Historický ústav Akademie věd ČR Přírodovědecká fakulta Univerzity Karlovy v Praze Czech geographical society

Keynotes

Keynote Speech 1

Strategies to “survive” as Historical Geographer in Germany after the scientific turn of geography in the late 1970s

Thursday September 1, 9:00 – 10:00, Room 1, ground floor
Winfried Schenk
University of Bonn, Germany

Winfried Schenk is a professor of the Historical Geography at the Institute of Geography, University of Bonn. He studied ethnology, history, German language and geography at the University of Würzburg where he completed his habilitation at the Faculty of Geosciences with the thesis named "Forest management, forest conditions and regional development in pre-industrial times in the central Germany". He also worked as a professor of Human Geography and Regional Studies at the Eberhard Karls Universität Tübingen.

Professor Schenk is one of the best European specialist on the historical geography and history of geography, nevertheless, his broader research interest comprises environmental history, historical settlement research, historical and cultural landscape, cultural geography, housing, and economic and social geography as a whole. He is author and editor of many monographies, scientific articles and methodological and didactic books.

Abstract: Until the 1960s the historical-genetic approach formed a core area of German geographical research. With the scientific turn in geography during the 1970s, some of its questions had been seen as less problem-oriented and sometimes as societally irrelevant. To obtain the historical-genetic approach two strategies were pursued in Germany, an interdisciplinary (1), and an adaption to applied working fields (2) in the last decades. Today a young generation of historical geographers show a third way in the direction of the so-called “new cultural geography” (3).

1. The interdisciplinary strategy meant a slight distancing of the continuing historical and geographical work from mainstream geography in Germany, both in the working fields and in the research organization.

2. The strategy to adapt to applied fields had the aim to secure a place especially for the historical-genetic approach within the modernized geography.

3. The third way is marked by two conferences in 2014 and 2016 under the headline “Between history and geography, between time and space”. One can see that former borders of curricula seem to dissolve.

Keynote Speech 2

Europe’s cultural diversity as a problem for European integration

Thursday September 1, 10:30 – 11:00, Room 1, ground floor
Peter Jordan
Austrian Academy of Sciences, Austria

Professor Peter Jordan studied geography, cartography and ethnology at the University of Vienna and finished his habilitation for “Geography with special regard to regional geography and cartography" at the University of Klagenfurt. For three decades he worked at the Austrian Institute of East and Southeast European Studies and was at times also its director; later he changed to the Institute of Urban and Regional Research at the Austrian Academy of Sciences. He is a member of many scientific boards of international organisations, e.g. the United Nations Group of Experts on Geographical Names, and editorial boards as well as the editor of the Austrian geographical journal.

His main interest is in the political and cultural geography of Central and Eastern Europe with a regional focus on the successor states of Yugoslavia and on Romania. He also has published hundreds of scientific publications on atlas cartography, cartographic methods, geography of tourism and toponomastics. He has lead many cooperative research projects, e.g. on cartography, environmental studies, tourism, geographical names or geopolitics. Besides others, he edited the Atlas of Eastern and Southeastern Europe.
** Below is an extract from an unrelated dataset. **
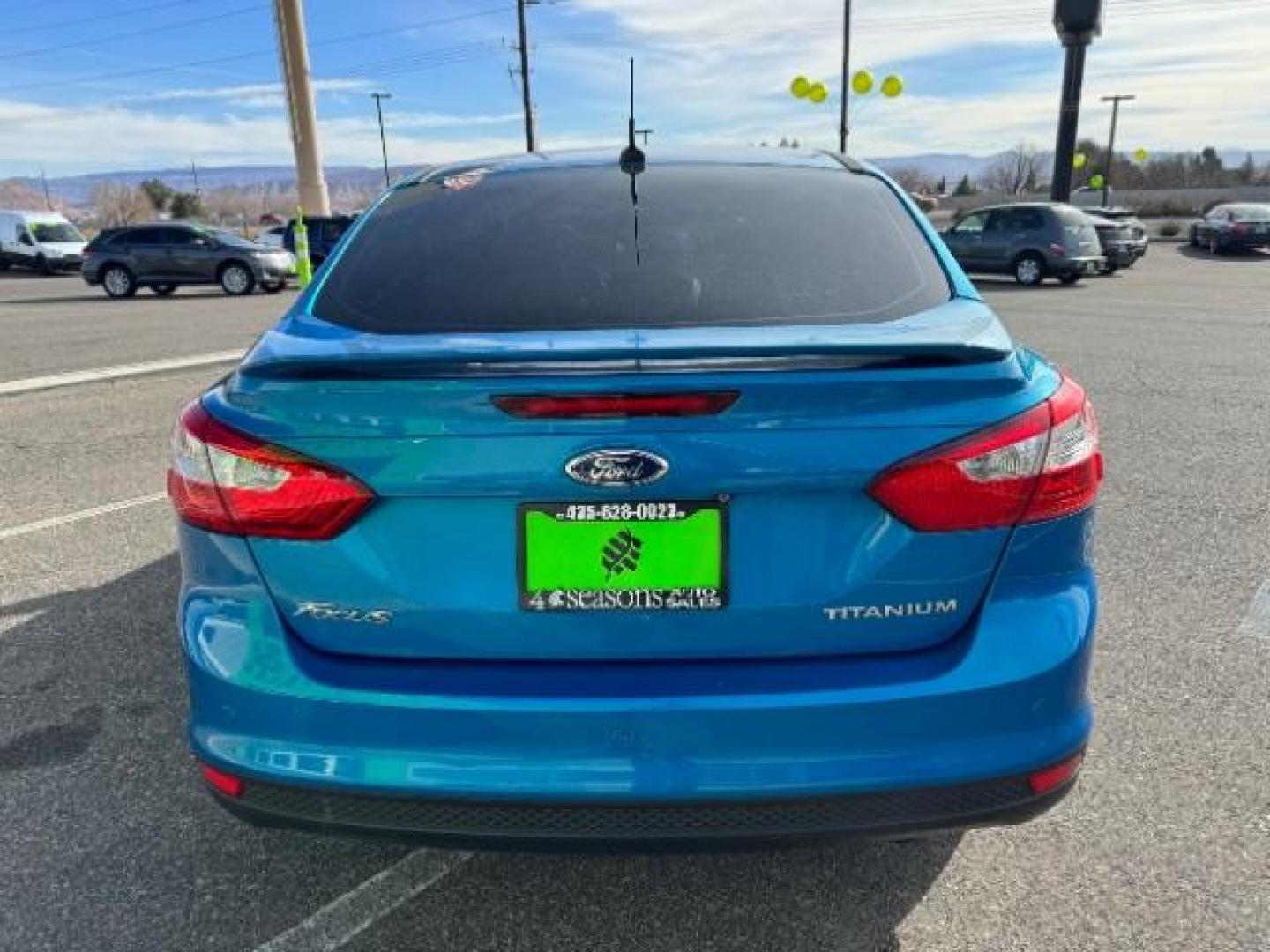 2014 Performance Blue Metallic /Charcoal Black Ford Focus Titanium Sedan (1FADP3J2XEL) with an 2.0L L4 DOHC 16V engine, 6-Speed Automatic transmission, located at 940 North Main Street, Cedar City, UT, 84720, (435) 628-0023, 37.692936, -113.061897 - Photo#7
Abstract: European integration is obviously impeded by the national and nation-state idea that is still vigorous and makes member states of the European Union (EU) refuse to cede powers to the EU or subnational levels. Recent events like the global economic crisis, the Euro as well as the migration crisis have, however, demonstrated that it is not just the national idea and the nation state that lets further integration appear very difficult, but that also fundamental differences in cultural attitudes in different parts of Europe are responsible for that. Thus, people in Southeast Europe look at state authorities and the public sphere at large with much more skepticism than in Western Europe, where cooperation with public authorities is less problematic and public engagement is much more popular. Attitudes like these are not just the result of Communism in parts of Europe. They can be traced back to earlier periods of history and have their roots in the fact that the West of Europe functioned since the early Middle Ages (the Franconian Empire) as the core of several innovation waves that reached other parts of Europe only to some extent or not all. In a cumulative way, they diversified Europe into parts with very divergent economic, social and political attitudes. These disparities are difficult to be equalized and rather accentuated by modern migration. The paper will highlight Europe’s major cultural differentiation processes in history, hint at their current traces in economic, social and political attitudes and relate them to problems in European integration.